> **EXTRACTED ENTRIES**
--

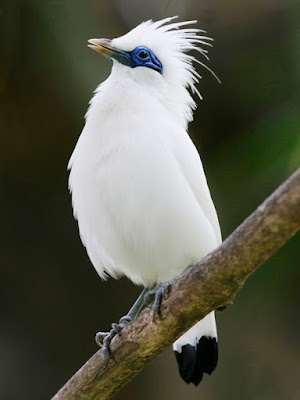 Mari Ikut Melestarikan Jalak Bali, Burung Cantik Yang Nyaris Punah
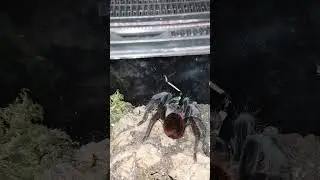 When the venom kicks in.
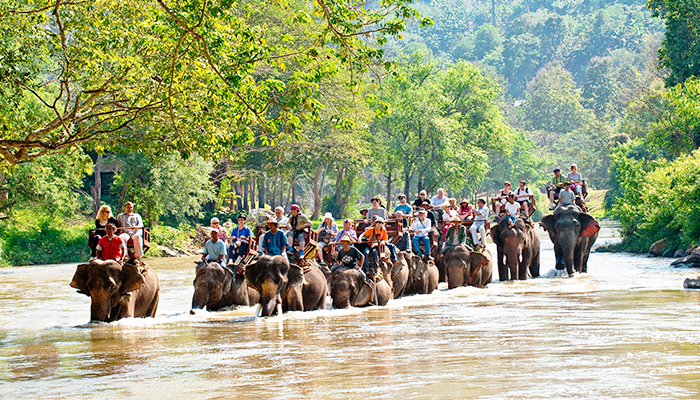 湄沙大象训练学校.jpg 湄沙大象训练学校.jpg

--

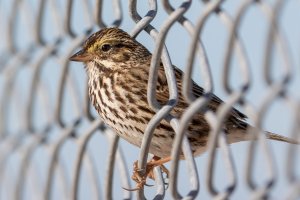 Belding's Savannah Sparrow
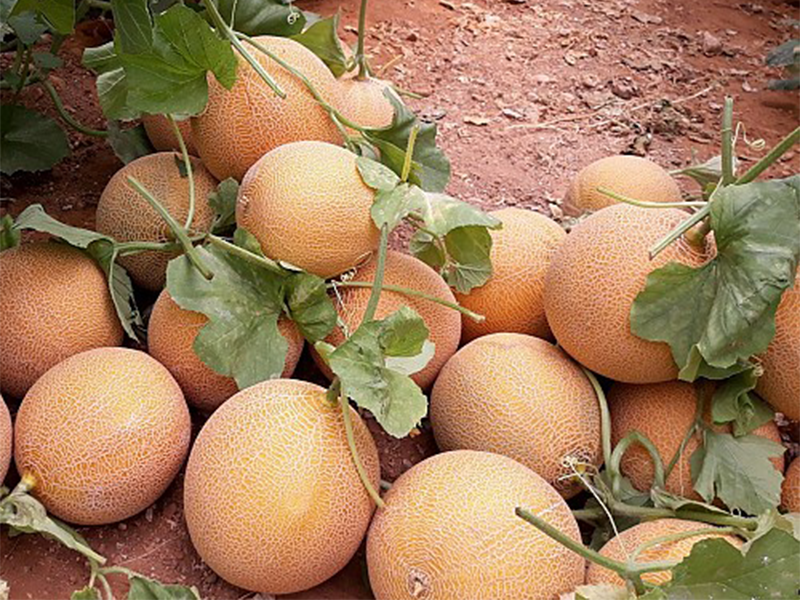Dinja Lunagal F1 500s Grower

--

> **AIM OF THE TASK**
Retype, exactly and with no pictures, everything above from the line with "When the venom kicks in." down to the line with "湄沙大象训练学校.jpg 湄沙大象训练学校.jpg", both included.

> **SOLUTION TO THIS PROBLEM**
 When the venom kicks in.
 湄沙大象训练学校.jpg 湄沙大象训练学校.jpg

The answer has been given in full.